Crowd Density Estimation
- Date:06/09/17
- Team: Yi Xu, Zan Shen, Yiming Li
- Goal: To achieve more accurate crowd counting in complex and dense crowd scenes.
Brief Introduction
Crowd counting or density estimation is a challenging task in computer vision due to large scale variations, perspective distortions and serious occlusions, etc. Existing methods generally suffer from inherent algorithmic drawbacks. On one hand, only traditional Euclidean loss is employed to optimize these models, which is known to have certain disadvantages such as sensitivity to outliers and image blur. In particular, although different sizes of convolutional kernels are used to extract multi-scale features, each sub-network path attempts to minimize the regression loss independently (i.e., multi-scale model competition) and to predict the correct density map for patches with all human scales. On the other hand, most existing approaches do not explore the coherence between the estimated density maps from different scales. Namely, the sum up of the crowd counts from local patches (i.e., small scale) does NOT necessarily correspond to the overall count of their region union (i.e., large scale).
To address these issues, we propose a novel crowd counting framework called Adversarial Cross-Scale Consistency Pursuit Networks (ACSCP). On one hand, inspired by the recent success of GANs in image translation, we propose a patch-to-density generation network endowed with an adversarial training loss, to mitigate blurring effect caused by optimization only over traditional Euclidean loss.

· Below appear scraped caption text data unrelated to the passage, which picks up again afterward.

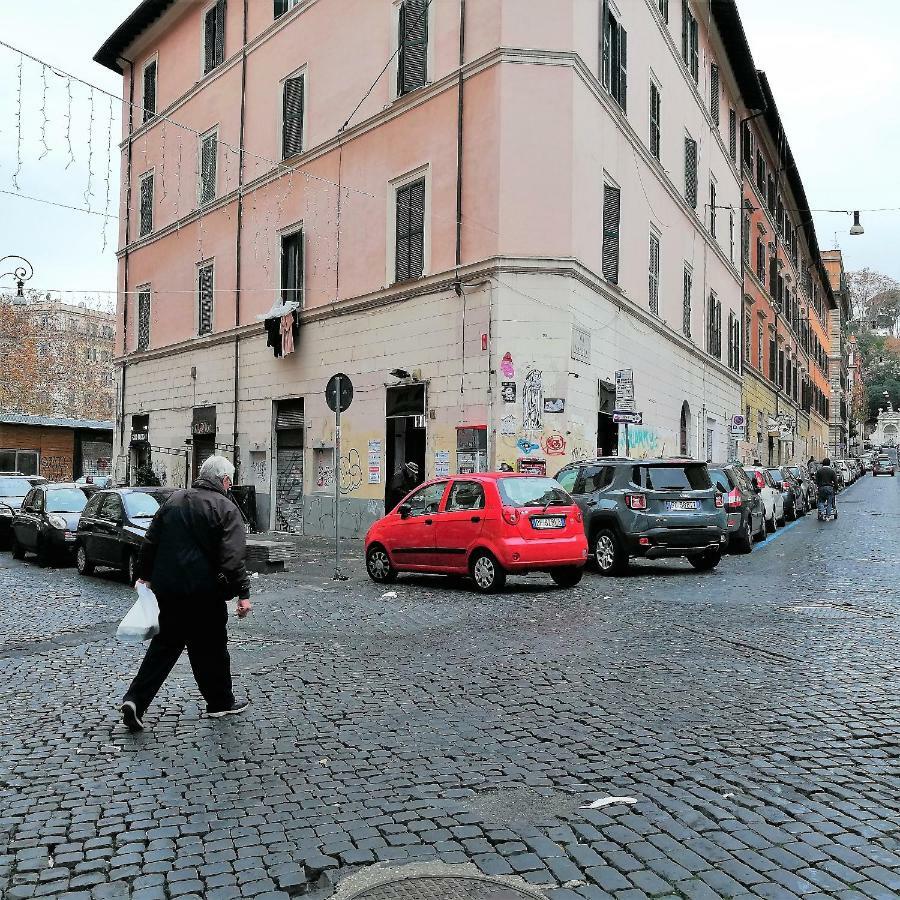 Appartement A Trastevere Da Giulia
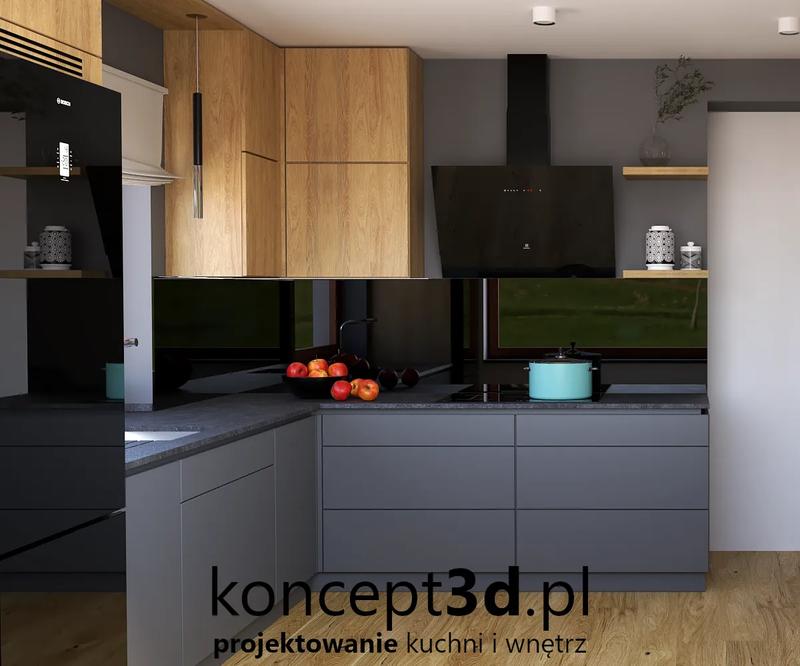 Kuchnia pod zabudowę – Kluczowe wskazówki i praktyczne porady dla idealnego wnętrza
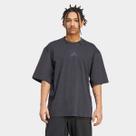 Camiseta Adidas 3 Listras Oversized Masculina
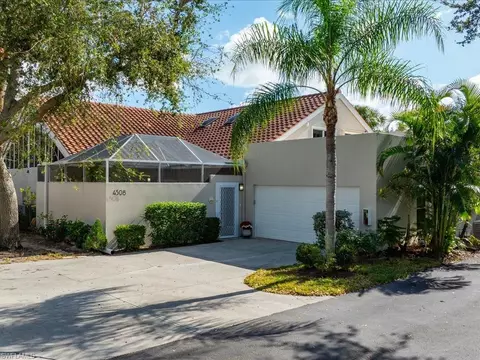 4508 Court Way #23A, Naples, FL 34109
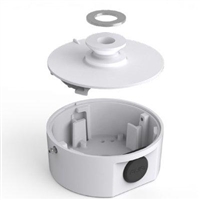 Avigilon AVA junction box voor AVA Bullet, WIT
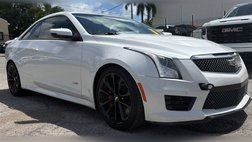 2016 Cadillac ATS-V Base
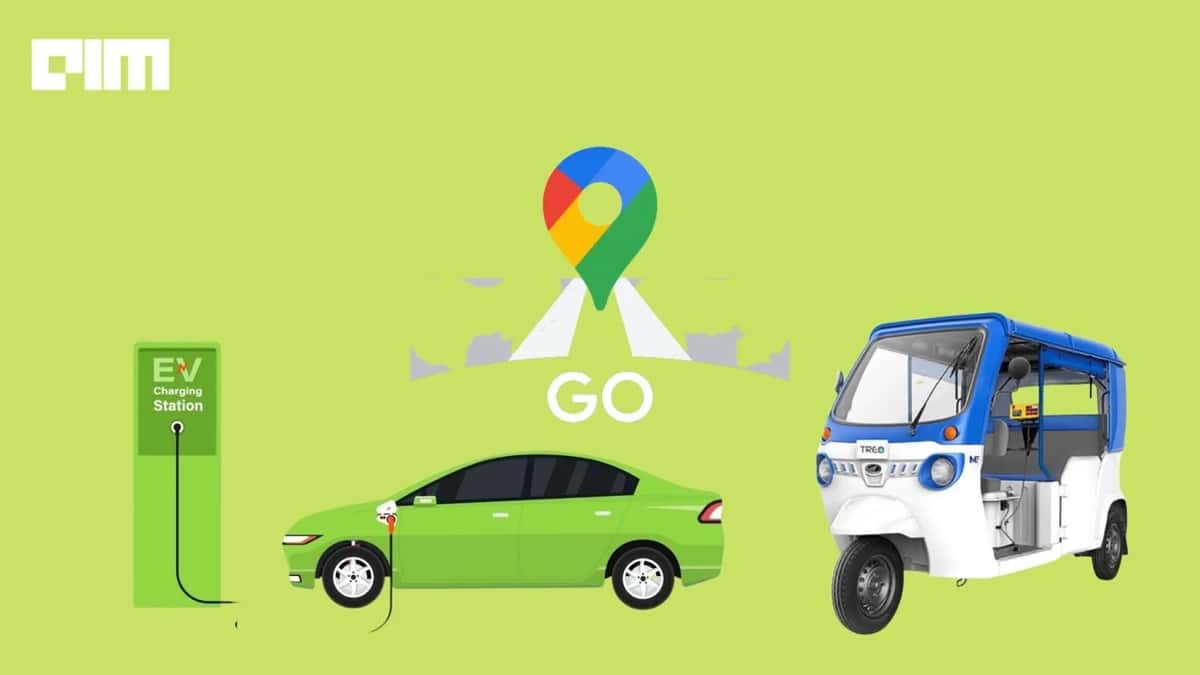 How AI Powers The EV Ecosystem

Further, the proposed multi-scale U-net generation architecture executes a pixel-wise translation from every crowd image pixel to its corresponding density value, which ensures high resolution and high quality density map estimation. On the other hand, a new regularizer is proposed to further enforce cross-scale model calibration and encourage different scale paths to work collaboratively. In particular, our model is made of two complementary density map generators: one takes large scale patch input, and the other takes small scale patch input. We enforces that the sum up of the crowd counts from local patches (i.e., small scale) is coherent with the overall count of their region union (i.e., large scale). The above objectives are integrated via a joint training scheme, so as to help boost density estimation performance by further exploring their collaboration.
Extensive experiments on four benchmarks have well demonstrated the effectiveness of the proposed innovations as well as the superior performance over prior art.